Ce n'est pas un livre dont on peut se taper un bout de chapitre chaque soir avant le dodo, parce que chaque fois, on est obligé de revenir 10 pages en arrière pour le reprendre. Il est éprouvant,
parfois malsain, souvent fascinant, évoque la psychanalyse, surfe sur le spleen romantique avant de plonger dans l’horreur
métaphysique : si les errances et les visions hallucinées du narrateur peinent à nous toucher, si les notes du précédent propriétaire du livre semblent énigmatiques, la narration
adroite concernant le film de Davidson parvient à distiller quelques moments de pure angoisse, voire d’effroi.

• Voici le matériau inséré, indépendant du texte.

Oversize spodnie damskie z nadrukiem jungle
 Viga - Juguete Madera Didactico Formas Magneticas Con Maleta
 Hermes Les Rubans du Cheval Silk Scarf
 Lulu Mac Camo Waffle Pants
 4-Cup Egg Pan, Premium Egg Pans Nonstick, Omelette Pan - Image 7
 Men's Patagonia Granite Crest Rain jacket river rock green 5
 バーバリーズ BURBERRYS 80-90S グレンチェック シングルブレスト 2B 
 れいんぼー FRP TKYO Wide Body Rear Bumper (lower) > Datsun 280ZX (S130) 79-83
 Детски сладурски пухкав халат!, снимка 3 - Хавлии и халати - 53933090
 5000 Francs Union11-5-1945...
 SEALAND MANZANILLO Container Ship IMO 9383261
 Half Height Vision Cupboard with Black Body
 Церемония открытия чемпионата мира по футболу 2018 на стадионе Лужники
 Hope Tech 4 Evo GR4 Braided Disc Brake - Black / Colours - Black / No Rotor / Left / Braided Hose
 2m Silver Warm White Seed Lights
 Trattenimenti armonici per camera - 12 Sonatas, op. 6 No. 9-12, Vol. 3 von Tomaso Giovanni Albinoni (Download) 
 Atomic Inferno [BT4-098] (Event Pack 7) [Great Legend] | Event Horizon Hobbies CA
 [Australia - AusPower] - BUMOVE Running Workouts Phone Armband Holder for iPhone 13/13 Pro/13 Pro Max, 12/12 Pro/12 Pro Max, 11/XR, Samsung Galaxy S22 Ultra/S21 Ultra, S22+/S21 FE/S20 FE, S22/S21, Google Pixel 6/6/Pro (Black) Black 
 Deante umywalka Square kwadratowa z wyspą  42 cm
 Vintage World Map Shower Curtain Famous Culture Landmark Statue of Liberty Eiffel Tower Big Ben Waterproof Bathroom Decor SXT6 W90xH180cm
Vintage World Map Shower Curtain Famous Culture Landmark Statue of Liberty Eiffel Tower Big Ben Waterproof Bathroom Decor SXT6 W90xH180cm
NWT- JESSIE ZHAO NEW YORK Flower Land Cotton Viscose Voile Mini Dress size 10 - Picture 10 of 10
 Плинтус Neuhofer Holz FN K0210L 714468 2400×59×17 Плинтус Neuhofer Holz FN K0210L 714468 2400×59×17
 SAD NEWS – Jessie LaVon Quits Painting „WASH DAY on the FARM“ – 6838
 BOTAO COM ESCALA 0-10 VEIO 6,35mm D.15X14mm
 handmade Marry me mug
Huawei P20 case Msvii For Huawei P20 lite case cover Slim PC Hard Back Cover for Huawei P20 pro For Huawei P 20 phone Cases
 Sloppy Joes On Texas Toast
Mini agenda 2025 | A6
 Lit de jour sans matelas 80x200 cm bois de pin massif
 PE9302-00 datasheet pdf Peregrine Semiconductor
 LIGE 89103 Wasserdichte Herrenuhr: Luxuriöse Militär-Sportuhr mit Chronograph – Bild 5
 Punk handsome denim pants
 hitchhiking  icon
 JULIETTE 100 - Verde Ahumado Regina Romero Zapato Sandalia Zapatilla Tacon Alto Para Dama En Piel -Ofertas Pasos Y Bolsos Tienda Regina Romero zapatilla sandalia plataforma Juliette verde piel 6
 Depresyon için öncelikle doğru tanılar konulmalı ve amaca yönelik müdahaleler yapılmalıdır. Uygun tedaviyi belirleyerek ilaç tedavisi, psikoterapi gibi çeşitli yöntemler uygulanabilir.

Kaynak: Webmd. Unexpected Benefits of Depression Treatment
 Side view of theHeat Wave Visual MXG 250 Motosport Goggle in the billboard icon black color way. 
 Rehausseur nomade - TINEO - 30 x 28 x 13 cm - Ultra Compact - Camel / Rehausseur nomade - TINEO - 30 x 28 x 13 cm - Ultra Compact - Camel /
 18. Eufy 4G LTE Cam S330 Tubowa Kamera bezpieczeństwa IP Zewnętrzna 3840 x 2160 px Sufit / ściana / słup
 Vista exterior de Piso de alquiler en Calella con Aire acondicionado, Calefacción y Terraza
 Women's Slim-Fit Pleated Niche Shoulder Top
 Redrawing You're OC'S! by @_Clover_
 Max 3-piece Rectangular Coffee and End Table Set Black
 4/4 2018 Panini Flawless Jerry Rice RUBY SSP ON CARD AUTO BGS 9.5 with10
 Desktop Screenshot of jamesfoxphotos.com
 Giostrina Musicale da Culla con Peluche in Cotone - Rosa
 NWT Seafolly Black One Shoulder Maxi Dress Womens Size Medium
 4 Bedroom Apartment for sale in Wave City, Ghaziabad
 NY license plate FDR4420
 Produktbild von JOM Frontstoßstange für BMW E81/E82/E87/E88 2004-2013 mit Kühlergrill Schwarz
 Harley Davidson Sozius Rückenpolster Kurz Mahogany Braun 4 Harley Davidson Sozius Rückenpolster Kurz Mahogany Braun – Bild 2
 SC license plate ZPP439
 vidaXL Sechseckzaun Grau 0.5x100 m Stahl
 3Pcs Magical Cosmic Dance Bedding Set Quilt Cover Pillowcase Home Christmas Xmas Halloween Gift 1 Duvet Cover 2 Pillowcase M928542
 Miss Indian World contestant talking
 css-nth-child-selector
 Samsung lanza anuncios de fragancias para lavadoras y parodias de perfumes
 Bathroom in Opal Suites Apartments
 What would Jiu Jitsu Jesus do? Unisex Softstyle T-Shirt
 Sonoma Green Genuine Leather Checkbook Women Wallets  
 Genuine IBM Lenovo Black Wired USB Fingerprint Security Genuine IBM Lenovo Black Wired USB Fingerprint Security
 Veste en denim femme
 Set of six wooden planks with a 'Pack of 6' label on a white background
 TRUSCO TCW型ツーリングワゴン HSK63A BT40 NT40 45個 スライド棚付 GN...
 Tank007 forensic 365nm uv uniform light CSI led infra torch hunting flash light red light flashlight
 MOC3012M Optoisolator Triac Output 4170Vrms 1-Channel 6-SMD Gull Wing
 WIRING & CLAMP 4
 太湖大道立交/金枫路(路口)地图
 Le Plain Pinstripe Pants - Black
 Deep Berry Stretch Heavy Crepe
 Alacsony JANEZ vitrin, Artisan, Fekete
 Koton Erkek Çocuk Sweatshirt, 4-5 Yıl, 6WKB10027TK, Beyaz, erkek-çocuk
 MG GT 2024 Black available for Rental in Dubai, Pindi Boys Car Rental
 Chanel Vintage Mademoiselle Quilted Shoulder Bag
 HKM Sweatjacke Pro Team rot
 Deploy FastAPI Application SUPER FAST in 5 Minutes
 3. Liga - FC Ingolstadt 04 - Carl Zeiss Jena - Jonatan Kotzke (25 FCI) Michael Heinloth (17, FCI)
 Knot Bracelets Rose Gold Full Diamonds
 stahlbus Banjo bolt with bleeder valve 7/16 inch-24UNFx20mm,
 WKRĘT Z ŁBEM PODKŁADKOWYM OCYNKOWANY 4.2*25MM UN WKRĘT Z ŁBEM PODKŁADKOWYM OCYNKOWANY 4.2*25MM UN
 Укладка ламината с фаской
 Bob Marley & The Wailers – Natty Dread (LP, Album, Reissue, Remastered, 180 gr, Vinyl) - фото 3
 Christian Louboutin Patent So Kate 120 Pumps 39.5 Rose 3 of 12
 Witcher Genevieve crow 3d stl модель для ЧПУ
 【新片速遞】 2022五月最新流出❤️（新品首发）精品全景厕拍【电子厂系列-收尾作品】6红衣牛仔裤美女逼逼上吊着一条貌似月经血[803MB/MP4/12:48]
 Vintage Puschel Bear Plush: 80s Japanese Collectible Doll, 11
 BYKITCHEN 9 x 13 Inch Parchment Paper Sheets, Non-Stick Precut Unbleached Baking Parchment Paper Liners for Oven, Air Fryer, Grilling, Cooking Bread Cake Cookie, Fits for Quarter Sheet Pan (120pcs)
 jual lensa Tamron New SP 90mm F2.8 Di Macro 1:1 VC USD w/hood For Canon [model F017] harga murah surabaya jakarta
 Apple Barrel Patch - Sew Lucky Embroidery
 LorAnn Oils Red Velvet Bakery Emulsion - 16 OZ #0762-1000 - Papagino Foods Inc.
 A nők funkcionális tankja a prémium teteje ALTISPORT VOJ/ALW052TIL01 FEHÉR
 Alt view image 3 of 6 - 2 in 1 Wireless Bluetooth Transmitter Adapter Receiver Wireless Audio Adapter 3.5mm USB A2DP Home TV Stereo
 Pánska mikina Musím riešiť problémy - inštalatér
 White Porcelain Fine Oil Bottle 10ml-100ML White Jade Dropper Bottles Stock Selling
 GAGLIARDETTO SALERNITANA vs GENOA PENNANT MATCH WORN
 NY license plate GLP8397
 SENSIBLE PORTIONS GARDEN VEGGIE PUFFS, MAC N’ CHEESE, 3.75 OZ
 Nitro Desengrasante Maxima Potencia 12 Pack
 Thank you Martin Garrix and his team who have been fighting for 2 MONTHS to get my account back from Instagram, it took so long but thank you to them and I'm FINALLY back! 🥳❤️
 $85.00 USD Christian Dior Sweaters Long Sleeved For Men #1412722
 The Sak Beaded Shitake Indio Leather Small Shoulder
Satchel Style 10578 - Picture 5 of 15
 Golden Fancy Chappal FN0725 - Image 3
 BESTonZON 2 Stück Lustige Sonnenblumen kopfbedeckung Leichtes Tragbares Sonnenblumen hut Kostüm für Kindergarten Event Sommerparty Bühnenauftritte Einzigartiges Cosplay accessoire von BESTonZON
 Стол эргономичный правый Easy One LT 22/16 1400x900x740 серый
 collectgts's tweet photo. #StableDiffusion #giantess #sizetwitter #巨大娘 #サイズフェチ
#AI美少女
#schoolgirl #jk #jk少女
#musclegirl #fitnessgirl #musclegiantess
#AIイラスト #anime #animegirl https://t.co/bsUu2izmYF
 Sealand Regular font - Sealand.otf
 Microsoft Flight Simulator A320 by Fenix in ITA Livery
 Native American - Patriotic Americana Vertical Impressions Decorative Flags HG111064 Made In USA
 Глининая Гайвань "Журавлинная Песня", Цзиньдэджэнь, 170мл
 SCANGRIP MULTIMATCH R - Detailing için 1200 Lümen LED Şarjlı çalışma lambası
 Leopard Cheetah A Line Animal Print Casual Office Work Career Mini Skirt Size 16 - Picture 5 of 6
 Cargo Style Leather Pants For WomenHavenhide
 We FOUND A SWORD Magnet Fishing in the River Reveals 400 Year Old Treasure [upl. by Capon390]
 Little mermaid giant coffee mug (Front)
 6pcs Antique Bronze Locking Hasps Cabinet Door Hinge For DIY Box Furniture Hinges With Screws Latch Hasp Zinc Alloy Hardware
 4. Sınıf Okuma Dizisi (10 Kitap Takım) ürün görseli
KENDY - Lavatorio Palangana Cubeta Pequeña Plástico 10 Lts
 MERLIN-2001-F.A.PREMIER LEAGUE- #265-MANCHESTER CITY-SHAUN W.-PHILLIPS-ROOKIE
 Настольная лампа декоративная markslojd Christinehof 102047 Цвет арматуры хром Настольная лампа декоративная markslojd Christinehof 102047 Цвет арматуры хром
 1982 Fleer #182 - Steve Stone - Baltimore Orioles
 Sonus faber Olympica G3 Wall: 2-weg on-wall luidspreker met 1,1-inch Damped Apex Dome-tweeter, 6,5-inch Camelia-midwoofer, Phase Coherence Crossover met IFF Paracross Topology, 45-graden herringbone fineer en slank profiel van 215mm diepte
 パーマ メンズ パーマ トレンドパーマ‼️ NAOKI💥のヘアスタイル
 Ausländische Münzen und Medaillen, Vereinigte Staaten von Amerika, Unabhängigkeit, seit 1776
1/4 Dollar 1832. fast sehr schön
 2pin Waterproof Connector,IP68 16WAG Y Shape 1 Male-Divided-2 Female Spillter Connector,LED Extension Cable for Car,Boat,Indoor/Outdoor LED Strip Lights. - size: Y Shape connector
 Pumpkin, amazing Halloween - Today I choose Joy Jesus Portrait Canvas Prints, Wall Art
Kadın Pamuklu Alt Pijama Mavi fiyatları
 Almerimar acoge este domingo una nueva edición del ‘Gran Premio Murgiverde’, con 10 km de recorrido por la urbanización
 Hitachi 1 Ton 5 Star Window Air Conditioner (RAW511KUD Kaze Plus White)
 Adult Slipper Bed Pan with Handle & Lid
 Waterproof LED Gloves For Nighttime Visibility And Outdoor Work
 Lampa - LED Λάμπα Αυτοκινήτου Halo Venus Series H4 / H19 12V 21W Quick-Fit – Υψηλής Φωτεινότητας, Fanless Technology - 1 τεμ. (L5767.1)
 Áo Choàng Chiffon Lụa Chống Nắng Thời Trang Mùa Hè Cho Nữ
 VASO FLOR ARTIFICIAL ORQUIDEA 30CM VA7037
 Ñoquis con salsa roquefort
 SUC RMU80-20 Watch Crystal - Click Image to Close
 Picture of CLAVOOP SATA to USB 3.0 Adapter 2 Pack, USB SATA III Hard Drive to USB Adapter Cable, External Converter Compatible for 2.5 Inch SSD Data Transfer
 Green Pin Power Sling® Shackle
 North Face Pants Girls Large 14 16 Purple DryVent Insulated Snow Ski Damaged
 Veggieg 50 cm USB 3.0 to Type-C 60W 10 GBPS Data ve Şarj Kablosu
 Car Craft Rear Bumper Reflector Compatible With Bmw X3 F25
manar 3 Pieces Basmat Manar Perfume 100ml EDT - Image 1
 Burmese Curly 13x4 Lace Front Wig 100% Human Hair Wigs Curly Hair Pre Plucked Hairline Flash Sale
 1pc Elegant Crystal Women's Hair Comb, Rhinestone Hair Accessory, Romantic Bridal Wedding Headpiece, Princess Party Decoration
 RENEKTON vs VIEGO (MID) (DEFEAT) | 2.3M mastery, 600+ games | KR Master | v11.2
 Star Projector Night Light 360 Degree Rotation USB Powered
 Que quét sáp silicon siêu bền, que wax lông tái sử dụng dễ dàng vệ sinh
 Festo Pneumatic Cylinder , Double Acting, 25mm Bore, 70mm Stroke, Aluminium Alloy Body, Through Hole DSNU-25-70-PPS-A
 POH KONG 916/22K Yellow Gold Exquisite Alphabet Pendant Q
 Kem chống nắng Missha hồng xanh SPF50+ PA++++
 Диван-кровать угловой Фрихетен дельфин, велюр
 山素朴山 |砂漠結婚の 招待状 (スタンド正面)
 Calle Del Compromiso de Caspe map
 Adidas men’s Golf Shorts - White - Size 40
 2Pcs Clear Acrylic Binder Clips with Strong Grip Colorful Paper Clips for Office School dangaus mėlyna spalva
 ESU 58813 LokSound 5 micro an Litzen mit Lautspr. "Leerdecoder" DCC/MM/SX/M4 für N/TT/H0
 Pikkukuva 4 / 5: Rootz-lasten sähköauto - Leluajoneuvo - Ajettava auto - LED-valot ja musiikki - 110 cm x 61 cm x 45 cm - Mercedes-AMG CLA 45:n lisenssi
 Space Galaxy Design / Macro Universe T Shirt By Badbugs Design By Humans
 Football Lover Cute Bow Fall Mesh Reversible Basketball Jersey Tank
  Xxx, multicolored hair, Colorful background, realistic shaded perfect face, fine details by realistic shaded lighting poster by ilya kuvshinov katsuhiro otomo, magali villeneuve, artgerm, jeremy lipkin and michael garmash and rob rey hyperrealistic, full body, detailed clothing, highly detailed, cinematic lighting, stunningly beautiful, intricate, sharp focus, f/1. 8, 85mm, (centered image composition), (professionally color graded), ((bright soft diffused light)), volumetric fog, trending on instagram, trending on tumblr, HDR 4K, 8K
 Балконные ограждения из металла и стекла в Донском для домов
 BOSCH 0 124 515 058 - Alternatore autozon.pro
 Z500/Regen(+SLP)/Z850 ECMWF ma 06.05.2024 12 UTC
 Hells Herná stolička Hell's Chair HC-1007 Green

Au final, je suis content d’être allé au bout, d’avoir satisfait une saine curiosité face à l’accroche qui m’avait poussé à acquérir le livre. En même temps, un peu déçu car on a quand même l’impression de ne pas avoir concrétisé tout ce qui était promis. De la frustration donc, mais pas de ressentiment vis-à-vis de l’auteur qui a su nous duper, nous manipuler avec compétence et un brin de vice, procédant par coups, augmentant l’attente en se servant de l’Internet comme les producteurs de Blair Witch ont su le faire pour faire de leur film l’un des plus rentables de tous les temps. La Maison des feuilles est un roman remarquable, pratiquement abouti et particulièrement séduisant, qui parvient à transformer l’acte de lecture en expérience multi-dimensionnelle. Sur le plan de l’épouvante, il est intéressant mais manque de substance, délayant la peur viscérale (atavique) qui hante les profondeurs de cette maison à la géométrie non-euclidienne chère à Lovecraft par des atermoiements et des digressions intellectuelles parfois trop lourdes à digérer. On pourrait se contenter de ne lire que le Navidson Record, ce qui ferait du livre un roman à géométrie variable, mais ôterait tant de matière littéraire !
Un ouvrage que tout amateur d’étrange se doit d’entamer.